__What is being asked__. Filter the records, keeping every line that has the string "Orange".

Stored data

------------

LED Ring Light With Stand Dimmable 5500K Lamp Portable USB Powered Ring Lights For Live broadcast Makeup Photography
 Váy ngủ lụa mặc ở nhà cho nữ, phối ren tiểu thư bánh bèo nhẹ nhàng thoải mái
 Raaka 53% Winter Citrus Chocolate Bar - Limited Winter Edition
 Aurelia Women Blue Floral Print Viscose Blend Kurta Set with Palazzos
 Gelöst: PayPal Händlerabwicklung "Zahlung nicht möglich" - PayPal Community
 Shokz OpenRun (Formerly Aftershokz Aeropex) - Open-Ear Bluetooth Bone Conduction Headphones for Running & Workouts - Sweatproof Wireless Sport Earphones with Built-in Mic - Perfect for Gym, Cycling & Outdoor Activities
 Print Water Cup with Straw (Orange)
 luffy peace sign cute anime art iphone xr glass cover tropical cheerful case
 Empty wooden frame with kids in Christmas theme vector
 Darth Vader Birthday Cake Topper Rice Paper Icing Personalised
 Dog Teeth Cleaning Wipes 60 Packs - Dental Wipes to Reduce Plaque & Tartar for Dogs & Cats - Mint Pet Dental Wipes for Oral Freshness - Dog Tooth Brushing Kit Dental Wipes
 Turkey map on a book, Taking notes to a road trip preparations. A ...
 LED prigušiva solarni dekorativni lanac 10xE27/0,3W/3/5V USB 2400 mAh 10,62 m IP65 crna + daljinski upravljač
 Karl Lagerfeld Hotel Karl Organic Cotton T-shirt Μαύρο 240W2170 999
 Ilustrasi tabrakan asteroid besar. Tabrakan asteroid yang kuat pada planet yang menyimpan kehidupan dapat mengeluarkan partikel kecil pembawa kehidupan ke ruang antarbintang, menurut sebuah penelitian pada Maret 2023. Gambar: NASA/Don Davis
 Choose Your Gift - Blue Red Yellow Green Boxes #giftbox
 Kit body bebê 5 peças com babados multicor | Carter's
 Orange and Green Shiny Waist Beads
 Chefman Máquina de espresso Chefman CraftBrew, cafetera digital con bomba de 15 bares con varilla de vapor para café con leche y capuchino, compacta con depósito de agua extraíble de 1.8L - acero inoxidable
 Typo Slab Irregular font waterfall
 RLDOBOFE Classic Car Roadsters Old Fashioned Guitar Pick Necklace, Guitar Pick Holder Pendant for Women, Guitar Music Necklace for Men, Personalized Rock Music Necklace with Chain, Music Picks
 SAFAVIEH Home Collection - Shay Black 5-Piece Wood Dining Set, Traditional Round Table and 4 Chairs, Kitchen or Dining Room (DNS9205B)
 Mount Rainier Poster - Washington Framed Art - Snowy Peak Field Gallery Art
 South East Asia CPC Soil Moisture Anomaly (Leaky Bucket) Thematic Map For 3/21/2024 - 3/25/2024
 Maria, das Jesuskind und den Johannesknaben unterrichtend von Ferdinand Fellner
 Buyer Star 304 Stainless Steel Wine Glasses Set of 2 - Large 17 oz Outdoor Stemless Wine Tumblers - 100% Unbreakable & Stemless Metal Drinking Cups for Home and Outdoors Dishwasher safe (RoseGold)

------------

__Finished exercise__.
 Print Water Cup with Straw (Orange)
 Orange and Green Shiny Waist Beads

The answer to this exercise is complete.